Queen Victoria’s Saucerman
David Wallechinsky and (his father) author Irving Wallace, in their initial offerings of The People’s Almanac  presented (on Page 1380 ff.) an item, as titled here, above:
“The ‘Jumping Man’ made his official debut in 1837, the same year that 18-year-old Victoria ascended to the throne of England.”
(The story is usually reported with the “Jumping Man” called Spring-heeled Jack.)
This alleged “Jumping Man” terrorized the English countryside for almost 70 years.
The London Morning Post, in 1929 reported that he was “clearly no ordinary mortal, if indeed, he were of this world at all.”
A 15-year-old London girl, Miss Jane Alsop, was “the apparition’s 1st recorded victim.”
When she answered the door to her house, after hearing the gate bell ringing, she found a “tall stranger standing on the stoop.”
Placing a candle near the stranger’s face, to see who it might be, caused the “creature” to “stumble back with a roar, throwing off a long cloak wrapped about it.”
“The sight she saw left her petrified.
The man’s body was covered by a tight-fitting garment which resembled a slick, stark-white, oilskin jumpsuit. His head was completely enclosed by a globular object which was fastened to the collar of his tunic. His encased arms terminated in sharp, metallic claws. Inside the transparent globe, [she] could see 2 eyes, which glared at her with a white fury.
Before she could slam the door, the creature leaped upon her, blazing a blue-white ray of flames through an opening in the front of the head-covering globe.”
Her screams brought her sister, whose arrival sent “the assailant bounding off into the night.”
“The story carried more credence a few days later when a young butcher came forward” with a similar story.
The “Jumping Man” dropped from sight and reportage until 1845 when “a weird figure [was] seen, leaping with shrieks and groans over hedges and walls.”
A man, called the phantom, was caught and “the scare abated for [a while]” only to emerge in the countryside” during the years between 1860 and 1870.
Then in 1877 the “creature” – as a large, dark shape -- showed up at a British army post where two sentries saw it, one shooting a bullet at it, causing the figure the bound towards them, belching “a stream of blue flame” at them.
A court martial provided a description not unlike that of Ms.

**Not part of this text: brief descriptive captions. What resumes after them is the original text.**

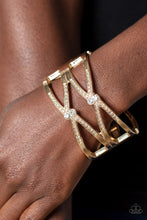 Load image into Gallery viewer, Entrancing Etiquette Gold Hinged Bracelet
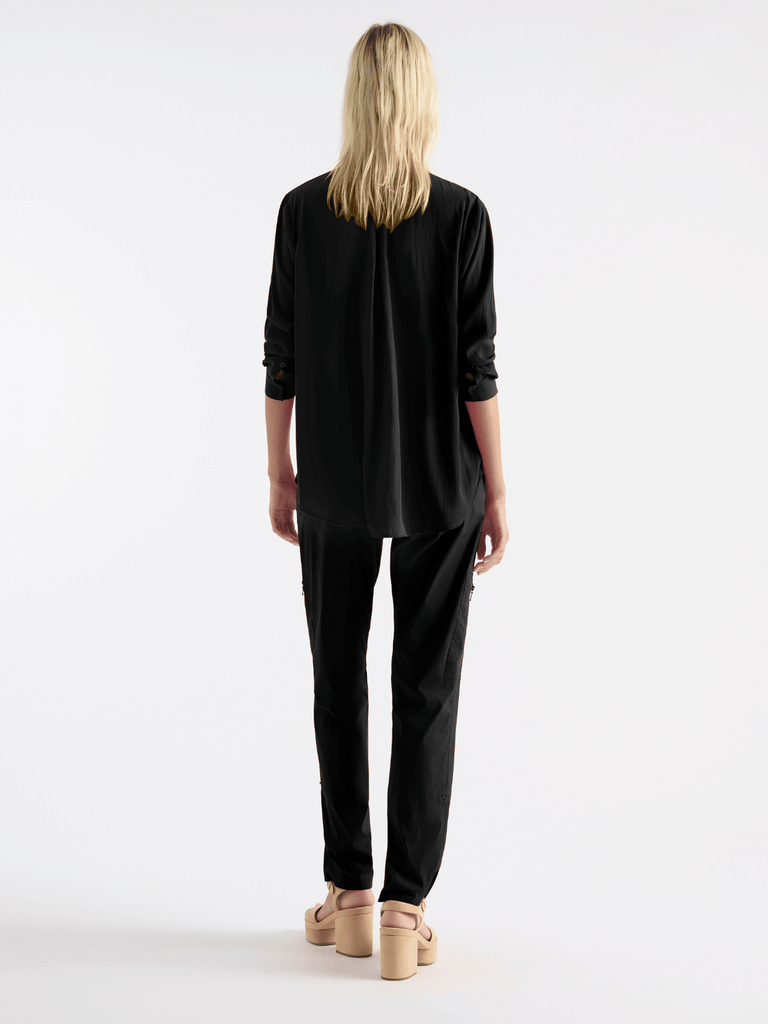 Mela Purdie Trellis Shirt in Black 8316 - Lightweight Travel Essential Mela Purdie Stockist Online Sydney Australia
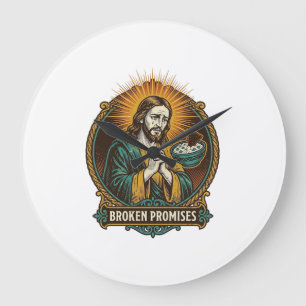 Relógio Grande Jesus Chip Quebrado Preso No Prato De Molho Humor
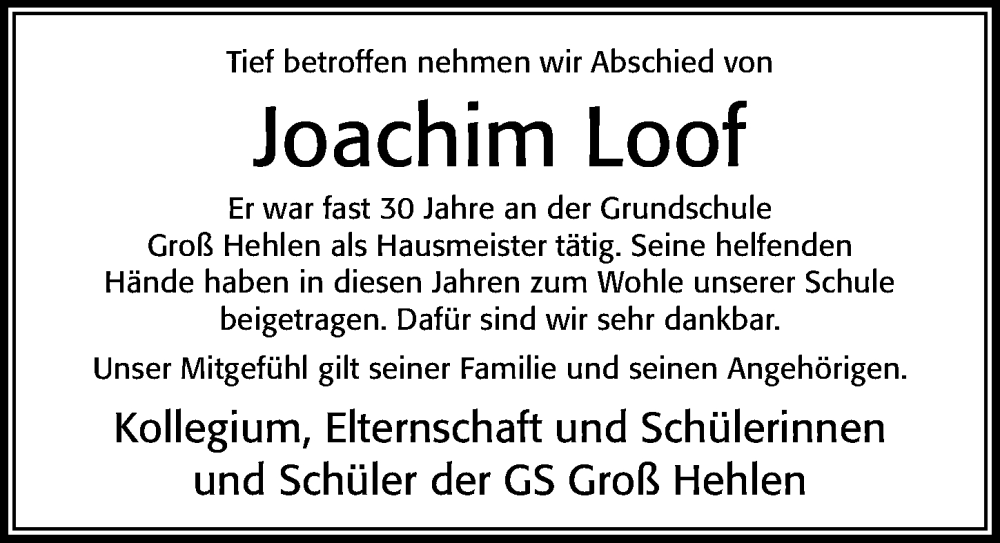  Traueranzeige für Joachim Loof vom 24.06.2022 aus Cellesche Zeitung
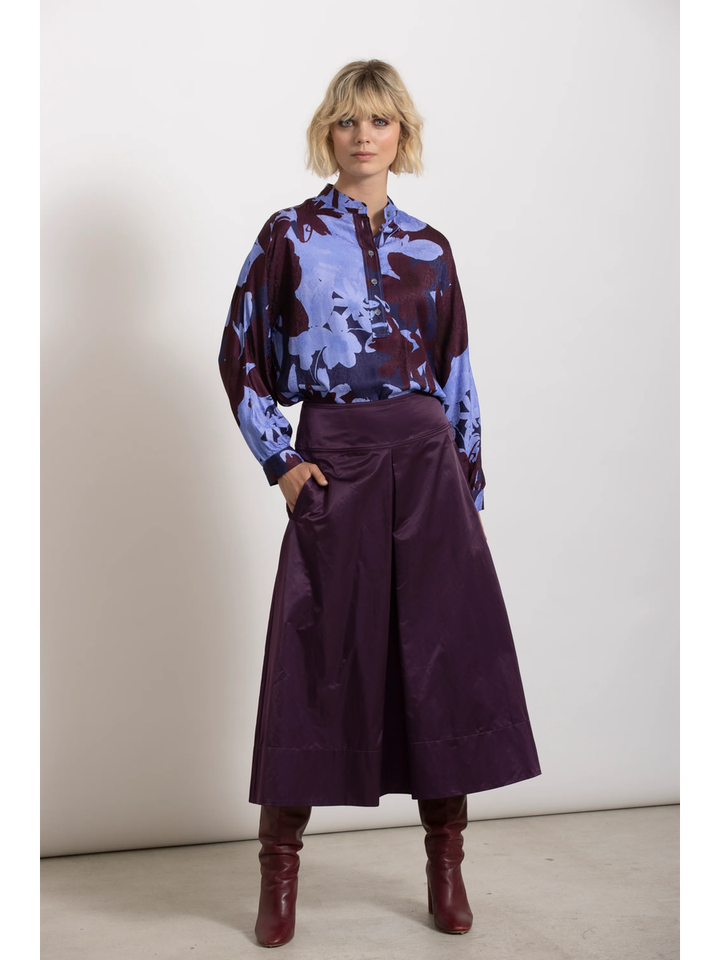 Bordeaux blinkende rok met springplooi en steekzakken Tinkin Gigue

Alsop’s years earlier: “Tight-fitting white suit, with a slight phosphorescent glow … a glass bubble over the head. Luminous, reddish eyes like burning coals. Blue flames coming from the mouth aperture … a scream … Fantastic jumps. And prompt disappearance without a trace.”
Months later, the “Jumping Man” was spotted atop a Newport cottage, attracting a crowd of people, one of whom shot at itm to no apparent effect, The creature bounded away, in 20’ high leaps followed by the mob.
It was shot at but, again, to no effect, when it leaped over a high wall and disappeared.
The thing was seen off and on until 1904, when it “made its last-reported appearance, this one in the older section of Liverpool. For more than 10 minutes, hundreds of spectators watched its antics in broad daylight.”
Thw “white-suited” creature leaped over some slate roofs and “vanished for good.”
Walter Kempthorne, who wrote the piece for The Almanac, concludes by noting that the creature “bore a striking resemblance to the space suit worn by Neil Armstrong as he stepped to the surface of the moon in July 1969 … And the creature itself seems to have existed by breathing a gaseous substance which, when exhaled, combined with oxygen [produced] the bluish-white but harmless flame …
The ‘Jumping Man’ …may have come from outer space – a being sent from beyond our solar system to observe the strange life-forms found on the planet we call earth.”